# Newbie going solo



## DSun (Mar 2, 2014)

Hi Everyone, 
I'm new to this forum and to snowboarding in general. 

A few weeks ago I went on my first snowboarding vacation along with my family and it was PERFECT - except for the fact that it only lasted 4 days. 
I knew I was absolutely hooked right after my first hour snowboarding. 

So now I'm planning to go back to the same site (dolomites) for 2 weeks during March, except this time I couldn't find anyone to join me on such a short notice. 

1. For this duration of a trip, and if I'm positive that I will continue snowboarding in the upcoming winters, should I rent a board or buy one? (renting would cost ~150 euro for the duration)

2. Should I buy boots before I consider buying a snowboard? 

3. How odd is it for a female to be making such a trip on her own? Snowboarding alone (I will be taking lessons or a group course perhaps) and apres-ski wise... :dunno: Have you run into other females going solo? 

4. From your experience, what level should I expect to be after 2 weeks of snowboarding every day, all day? 

Thank you, and I'd appreciate any tips/input. :bowdown:


----------



## t21 (Dec 29, 2010)

Hi,welcome to the forum and glad to know that you are hooked on snowboarding. Buy boots FIRST, but be sure you have to do it personally. try different ones until you find what is comfortable to you, boots do pack out or stretch overtime so you need to find the ones that just barely touches your toes when you put them on, and when you lean forward your toes back off a little bit. The snowboard issue is up to you in a sense that if you could find one on sale. Your weight, boot size, and type of riding helps to know what to look for. In two weeks time,riding everyday all day i would say you'd be tired as hell! but seriously by then,with some lesson you should be comfortable linking turns and ride on a bit of challenging terrains(green to mild blue runs). You have to know your limit, what i mean with that is do not force yourself to keep riding once you feel exhausted, that is how you could get hurt. Nevertheless, hope you can find somebody at the resort to ride with. Have fun shredding!


----------



## WillyFister?052 (Jan 30, 2014)

From what I've learned from this forum is buy boots first. Crappy rental boots will end your day way before you're ready because your feet hurt. Don't want that on your trip. If you have the jack I would say buy boots, bindings, and a board. I bought everything as cheap as I could and I'm so much happier with it than rental gear. Gives you the advantage of going home and adjusting your stance so you can shred effortlessly. You will not regret owning your own gear.
Hard to say what skill level you will be after 2 weeks straight. Probable pretty damn good. Depends on how well you're progressing now. And, nothing odd about rolling out solo.


----------



## DSun (Mar 2, 2014)

WillyFister?052 said:


> From what I've learned from this forum is buy boots first. Crappy rental boots will end your day way before you're ready because your feet hurt. Don't want that on your trip. If you have the jack I would say buy boots, bindings, and a board. I bought everything as cheap as I could and I'm so much happier with it than rental gear. Gives you the advantage of going home and adjusting your stance so you can shred effortlessly. You will not regret owning your own gear.
> Hard to say what skill level you will be after 2 weeks straight. Probable pretty damn good. Depends on how well you're progressing now. And, nothing odd about rolling out solo.


Thanks for the tips! 

I'll get boots first - of course I will try everything on before I make a purchase, but are there any brands/models you would recommend? 
Same question goes for the board - although I'm a beginner now, I assume it won't take too long into my vacation until I'm more of an intermediate level (and then I might have other preferences from my board)... 

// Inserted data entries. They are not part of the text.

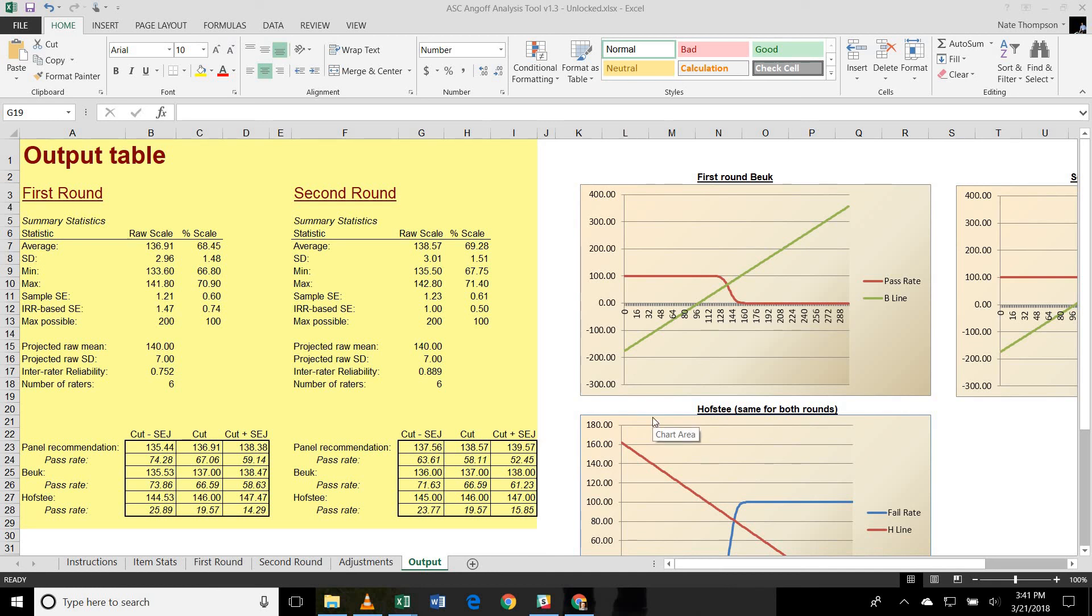Hi. Thank you for joining this presentation on the Angoff Analysis Tool. The Angoff Analysis Tool is a Microsoft Excel spreadsheet that has been pre-programmed to provide all of the necessary calculations and feedback needed to run a modified Angoff study.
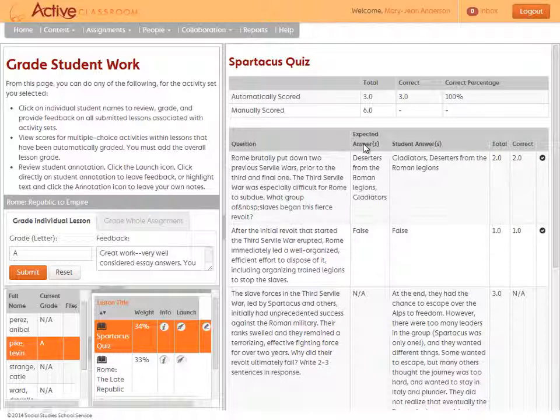Note also that Active Classroom generally provides an expected answers column with grading tips to help teachers.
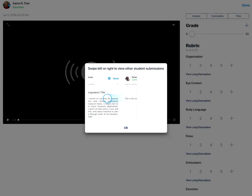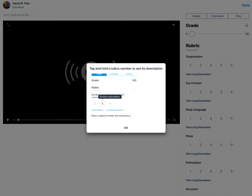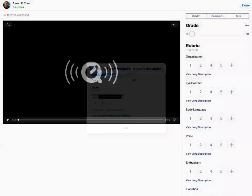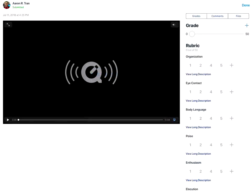This will then open up the speed grader to allow you to grade the assignment. And this is how to view the to-do list in the Canvas Teacher app on an Apple device.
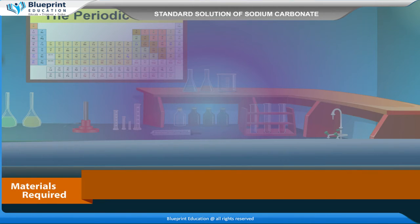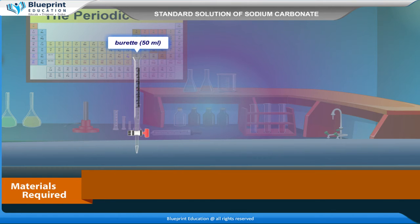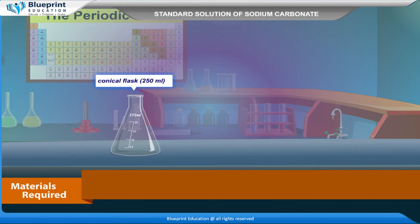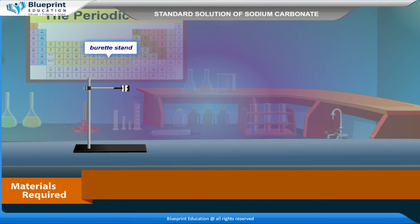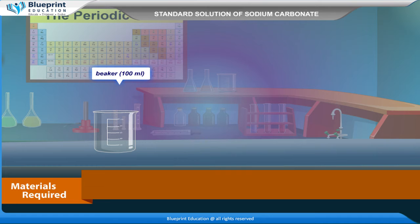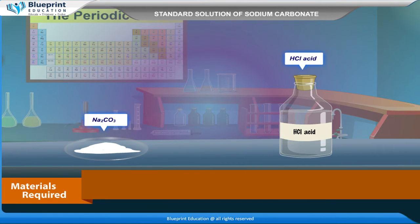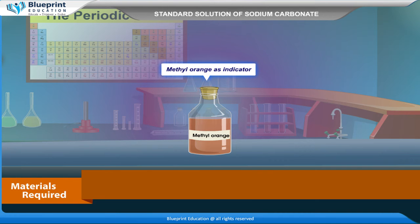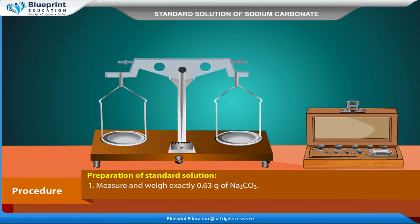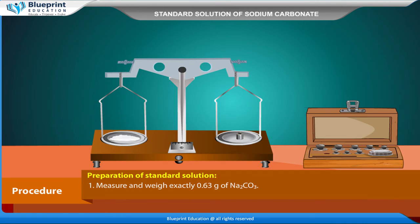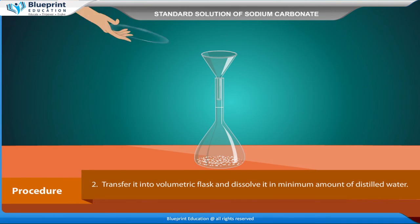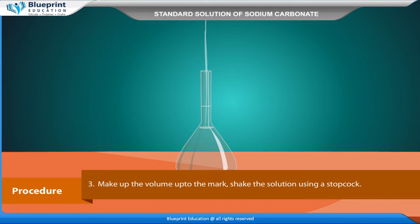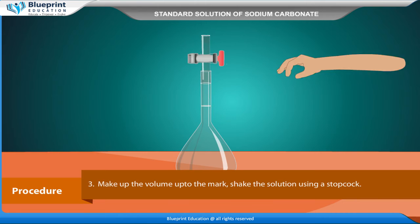The materials required are: [listed on screen]. Procedure — Preparation of standard solution: Measure and weigh exactly 0.63 gram of Na2CO3. Transfer it into a volumetric flask and dissolve it in a minimum amount of distilled water. Make up the volume up to the mark. Shake the solution using a stopcock.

I feel like until now I've made decent progress, at the end of day 3 I managed to link turns a few times (though toeside is still a struggle). Maybe I'm being too optimistic but I'm really hoping that at the end of those 2 weeks I'll be able to see the snowpark.


----------



## Tatanka Head (Jan 13, 2014)

You can't drag any of your friends out there with you? Tell them they're lame.

As far as buying a board, I wouldn't just yet. What you can do is contact local shops down there and ask about demo boards or what boards they have on offer for rent. You are kind of in a tough spot. Some shops might have deals going on, then you can buy a board when you are down there. If I were you, I'd be on the phone calling the shops and asking what they have on offer. Even a premium rental for a few days...after you start linking your turns and are more consistent. Good luck.


----------